Abstract
In this paper I discuss two approaches to certain context-sensitive cognitive episodes, focusing on temporal indexicals and tense. The first approach is David Kaplan's (1979, 1989). The second is the reflexive-referential approach used by Korta and Perry in Critical Pragmatics (2011). I argue for the second approach.
I take utterances and beliefs to be cognitive episodes: Things or events that occur in space and time, that have cognitive contents, and have causes and effects (Perry, 2019, 2020, de Ponte, Korta and Perry, 2023). I consider what seems to be an issue of detail. On Kaplan's approach, contexts are sets, quadruples of a speaker, time, location and world, and episodes (utterances) do not appear in the theory, but are modeled by pairs of expressions and contexts. An expression has a character (meaning); an expression-in-context has a content (proposition or component thereof.) On the reflexive-referential theory, episodes appear in the theory; they are what the theory is about. Speaker-of, time-of, and location-of are roles, that is, functions from an episode to the object that stands in the appropriate relation.
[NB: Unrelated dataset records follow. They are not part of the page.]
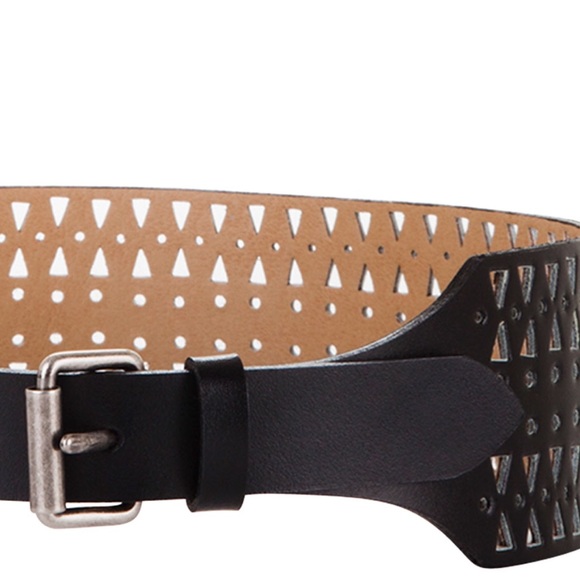 💥SALE💥BCBG Cutout Waist belt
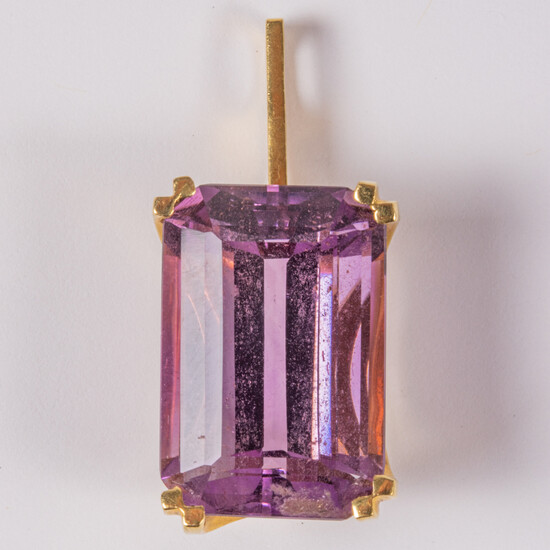 18kt Yellow Gold, and Amethyst Pendant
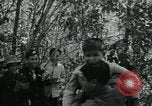 Immagine di Famiglia vietnamita che trasportano derrate alimentari e forniture in Viet Cong camp in Il Vietnam, 1965, secondo 5 filmato di repertorio 65675032697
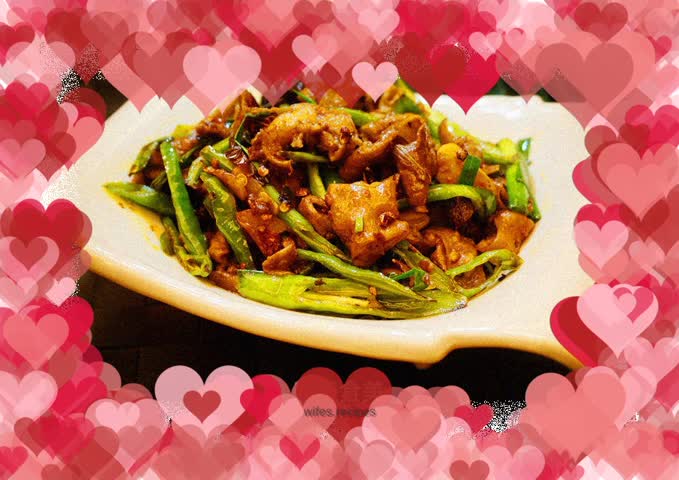 Stir-fried braised pork sausage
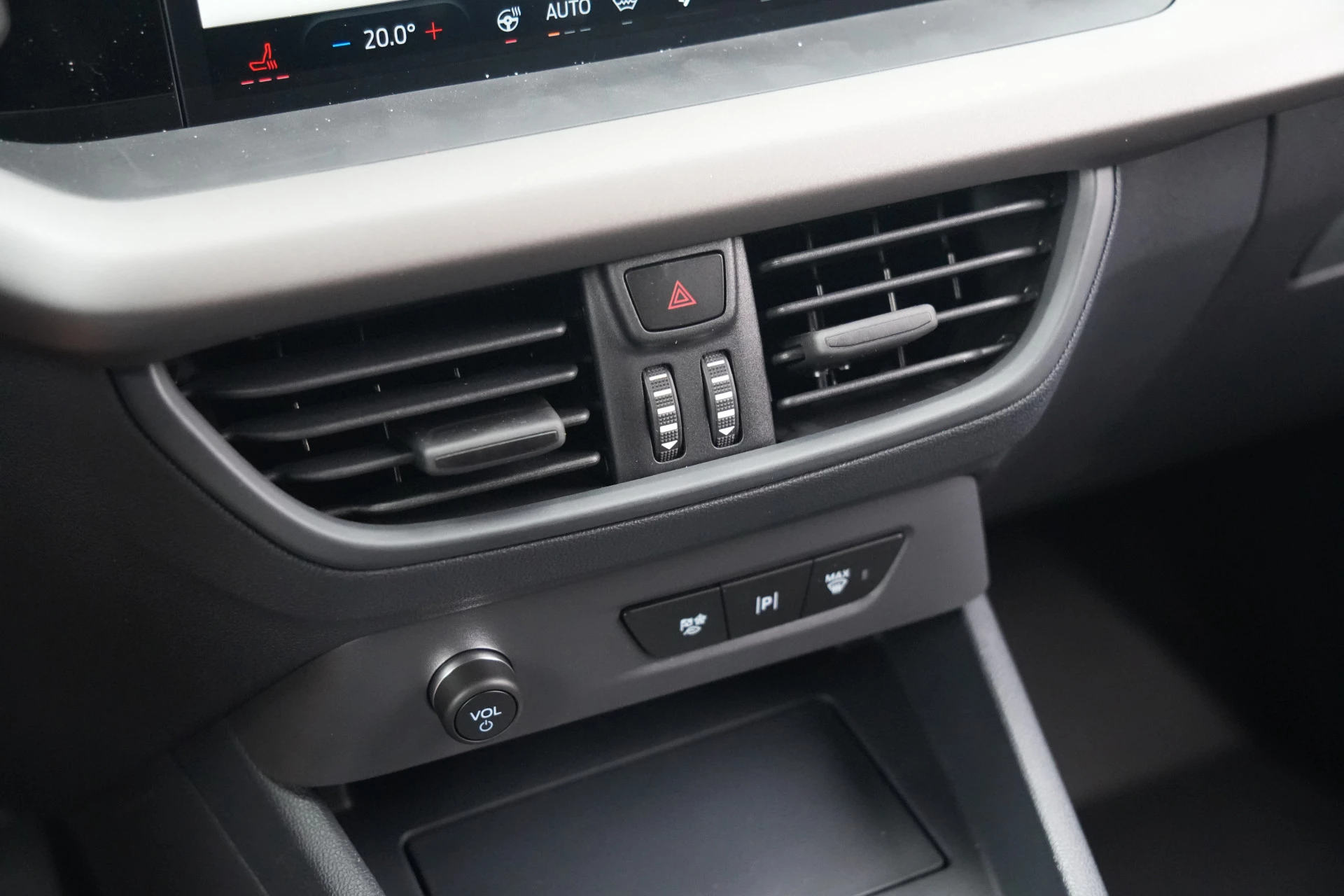 Ford E-Transit Courier 2026 - Trend 46 kWh 136pk - Stoel/Stuurverwarming - Camera - Cruise - Carplay/Android - Rijklaar Bild 24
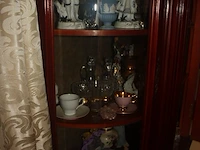 Inhoud vitrine: heilige onder stolp, 15 porseleinen sierstukken, 12 kristallen sierstukken, 10 diverse sierstukken - afbeelding 9 van  9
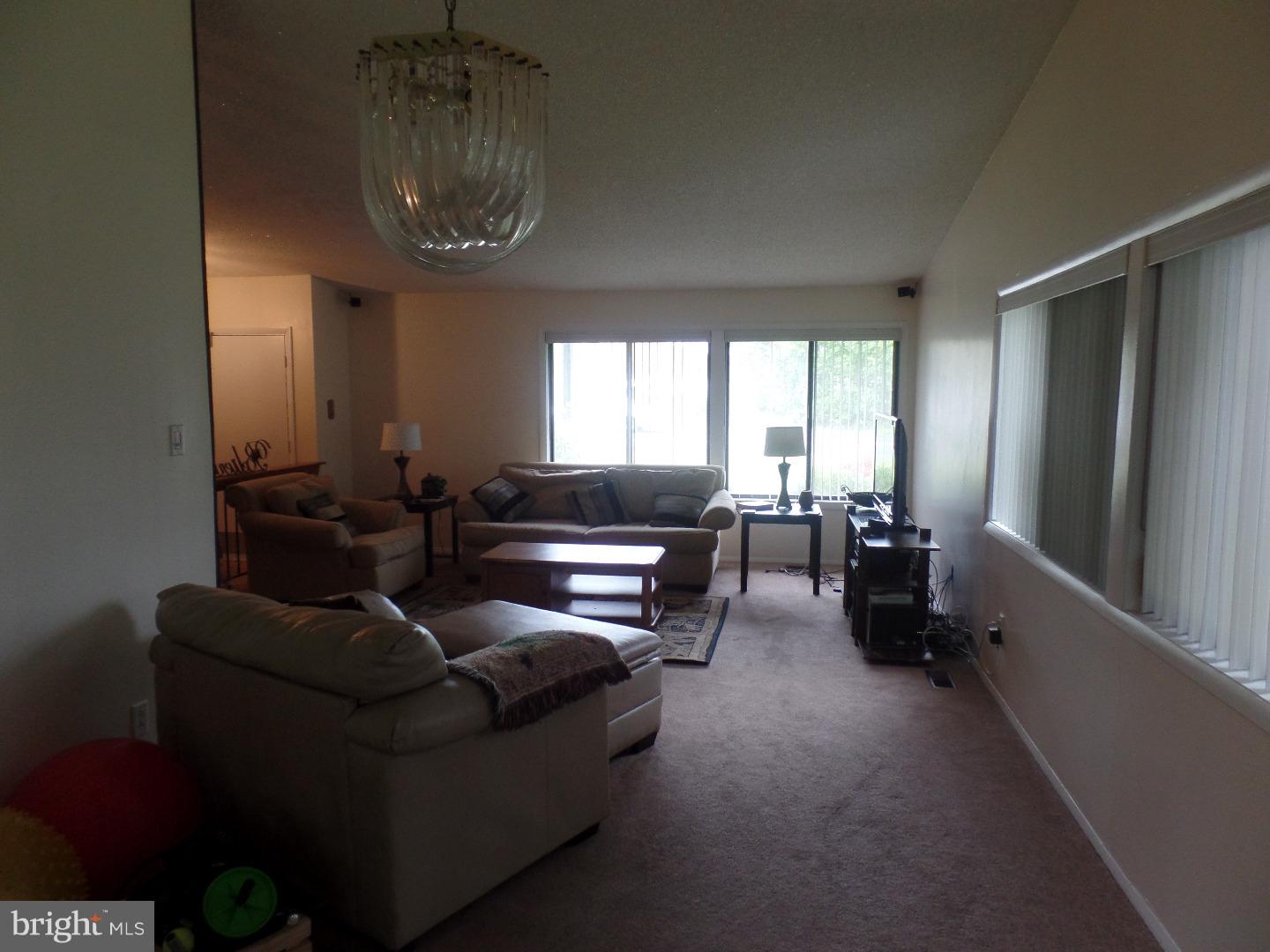 522 Four Mile Branch Road Sicklerville, NJ 08081 - Photo 7 of 16 Gallery Image 7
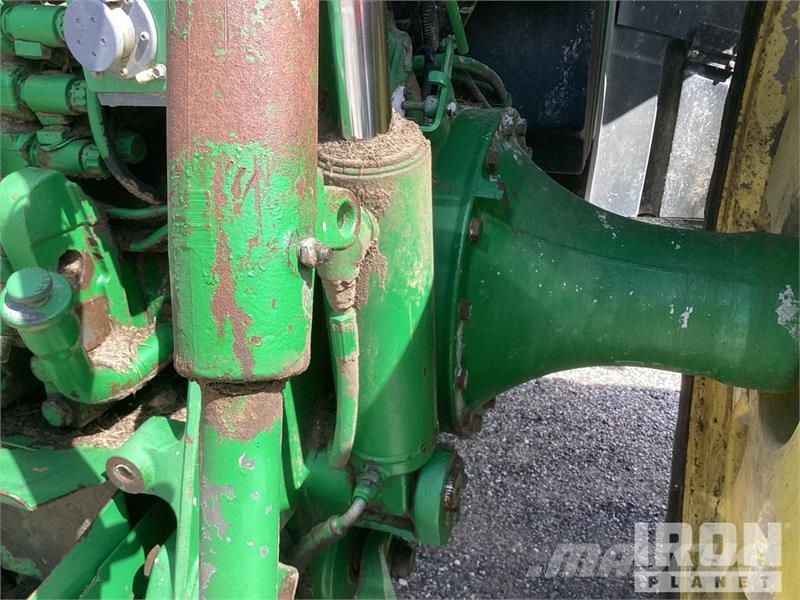 John Deere 8420 الجرارات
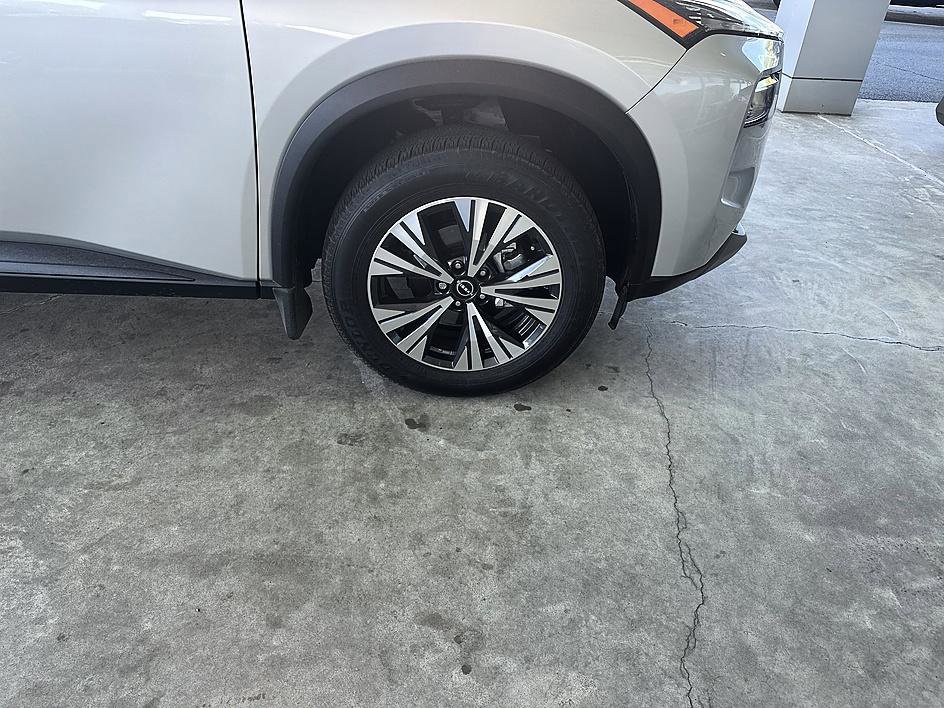 Certified 2023 Nissan Rogue SV image 12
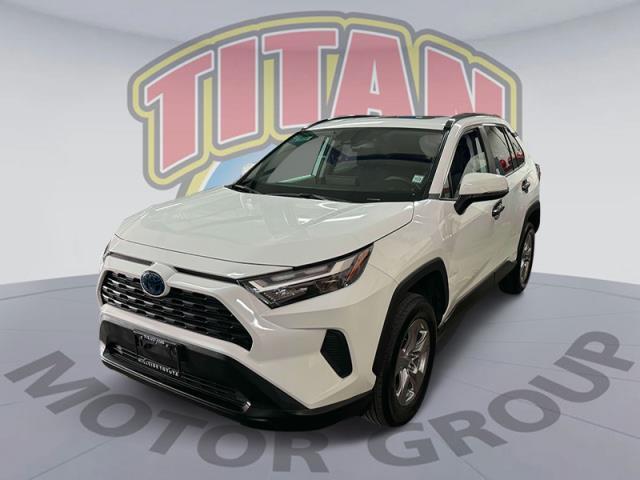 2024 Toyota RAV4 Hybrid XLE [1]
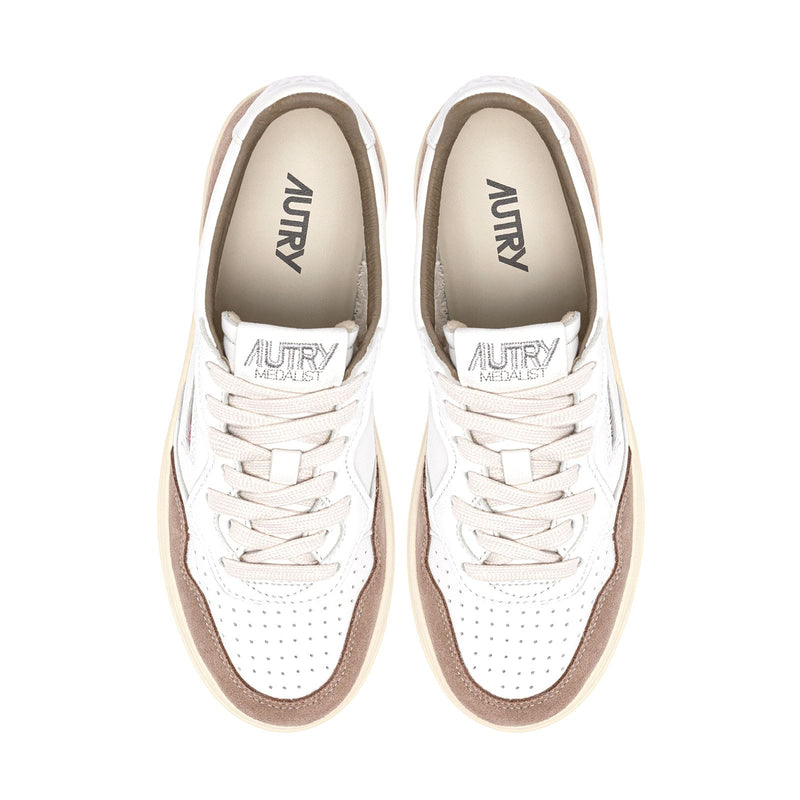 sneakers autre blanches et brunes hommes vues du dessus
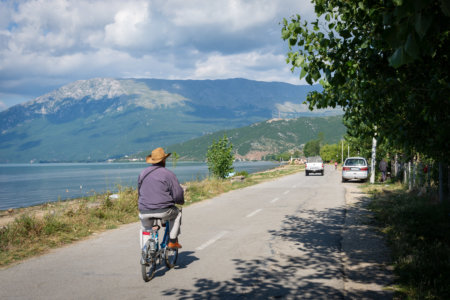 Vélo près du lac de Pogradec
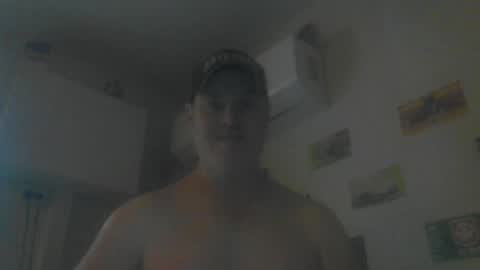 Snapshot of kiwiguy19773 chatting on 07.05.26 kiwiguy19773 online show from 07.05.26
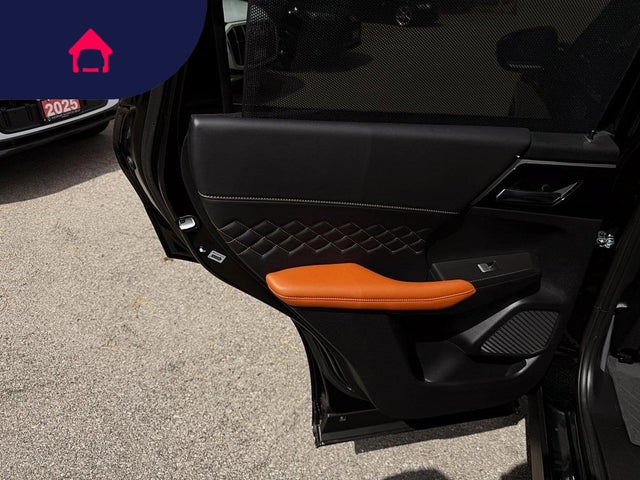 2024 Mitsubishi Outlander Plug-In Hybrid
I argue that this difference is more significant than it might seem. The reflexive-referential theory inherits a key insight of Kaplan's theory, and of John Perry's earlier view: the distinction between different ways in which information can be discovered, believed and asserted. But the inclusion of episodes has several advantages. First, it has advantages for understanding the relation between the content of cognitive episodes, their causal roles and their cognitive significance. Second, it accounts for -and makes use of- the fact that episodes have many other properties in addition to having speakers, locations, and times, that can be relevant to understanding their cognitive significance.
Reflexive-referential theory has its roots on Frege (and Russell), but it supposes a clear departure from his views (its starting point is Perry's (1979) rejection of the doctrine of propositions, defended by Frege and Russell). I believe, however, that it is actually more amiable to Frege's program than the interpretation given by the so-called neo-Fregeans (most notably, Evans, 1981). In particular, I argue that the issue of cognitive dynamics can be dealt with in the reflexive- referential account.